## Exercise description
Your copy should start at the line with "EMKE Platte Handdoekradiator" and end at the line with "Shimano PD-EH500 SPD-Kombipedale" in the data below. Transcribe only those lines, exactly, pictures excluded.

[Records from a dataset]
::::::::::

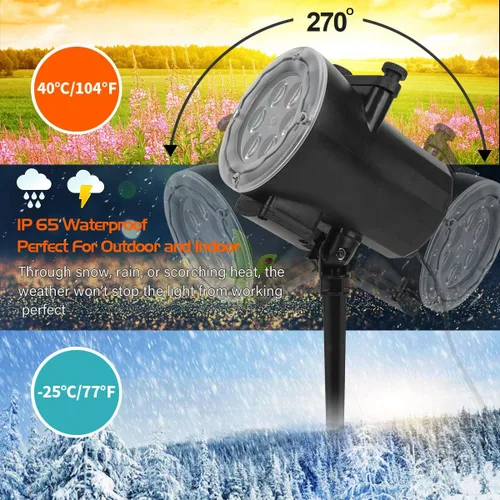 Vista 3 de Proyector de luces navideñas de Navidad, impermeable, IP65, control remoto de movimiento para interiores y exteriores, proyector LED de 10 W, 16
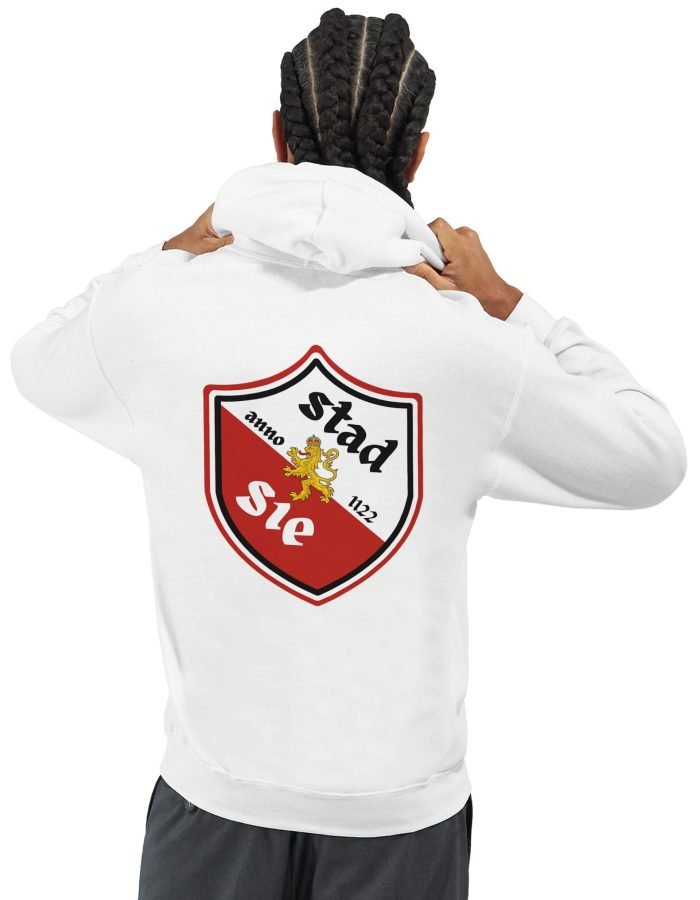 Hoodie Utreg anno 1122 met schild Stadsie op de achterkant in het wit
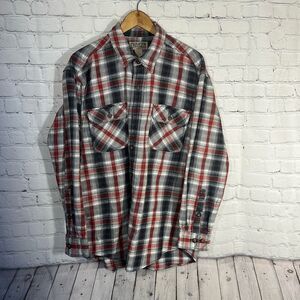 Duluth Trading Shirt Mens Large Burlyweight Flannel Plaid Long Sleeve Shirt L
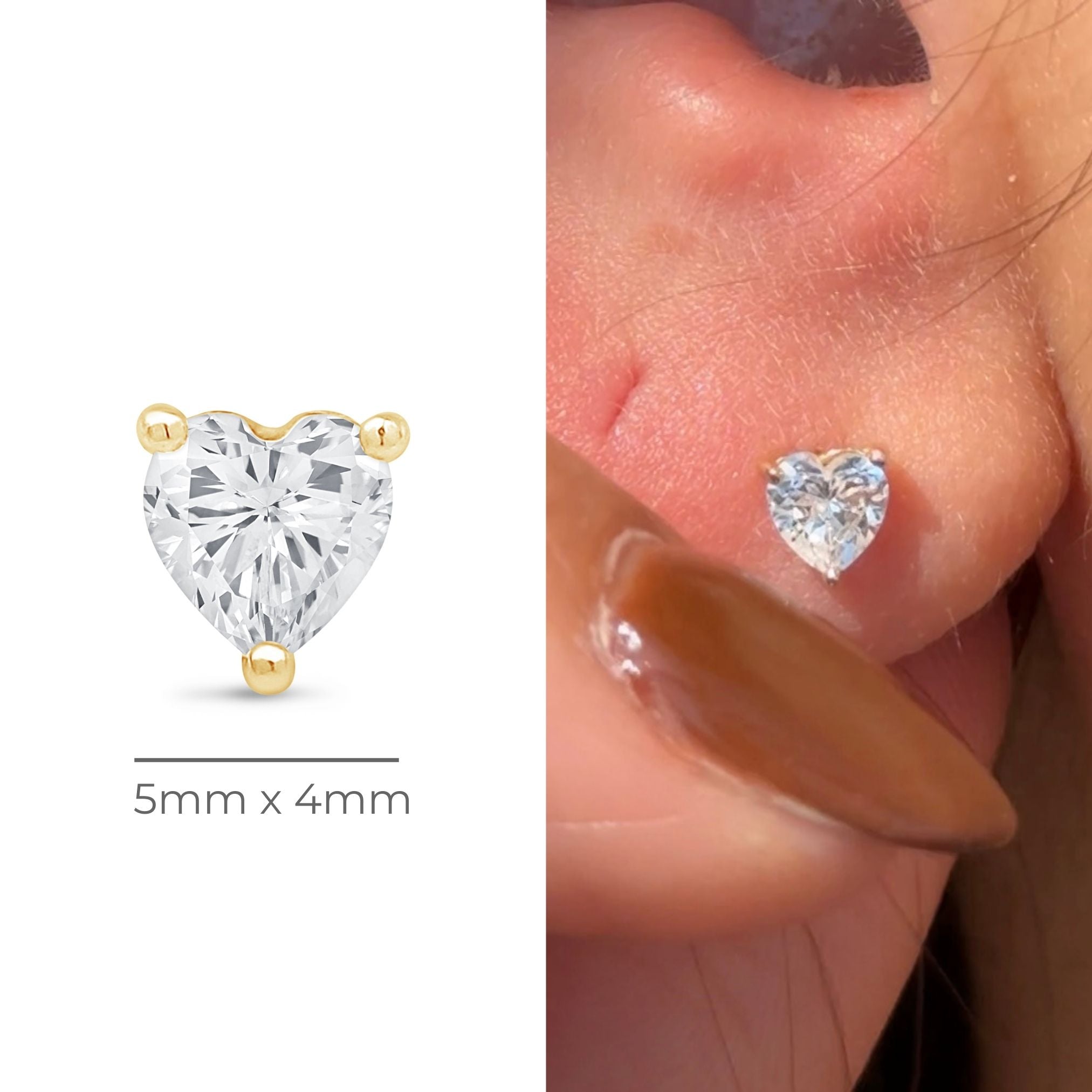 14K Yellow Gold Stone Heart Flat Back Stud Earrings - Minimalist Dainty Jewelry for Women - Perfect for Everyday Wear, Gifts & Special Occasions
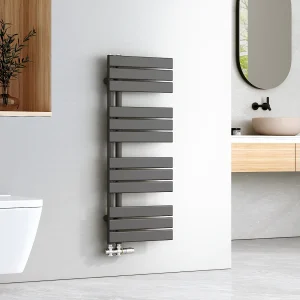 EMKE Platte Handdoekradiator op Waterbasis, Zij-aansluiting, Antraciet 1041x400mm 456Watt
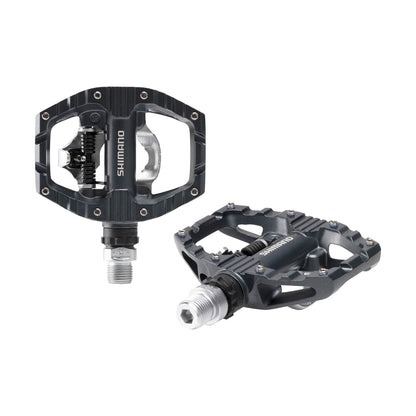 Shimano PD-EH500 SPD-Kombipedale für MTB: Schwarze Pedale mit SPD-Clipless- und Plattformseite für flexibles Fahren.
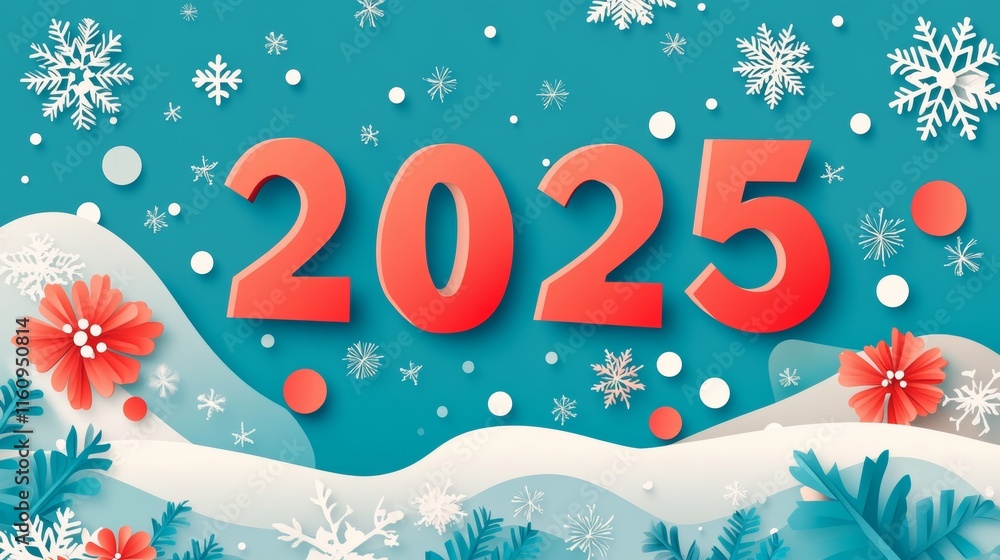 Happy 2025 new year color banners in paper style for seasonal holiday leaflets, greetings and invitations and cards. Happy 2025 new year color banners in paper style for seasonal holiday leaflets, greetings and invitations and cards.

::::::::::

## Reply
 EMKE Platte Handdoekradiator op Waterbasis, Zij-aansluiting, Antraciet 1041x400mm 456Watt
 Shimano PD-EH500 SPD-Kombipedale für MTB: Schwarze Pedale mit SPD-Clipless- und Plattformseite für flexibles Fahren.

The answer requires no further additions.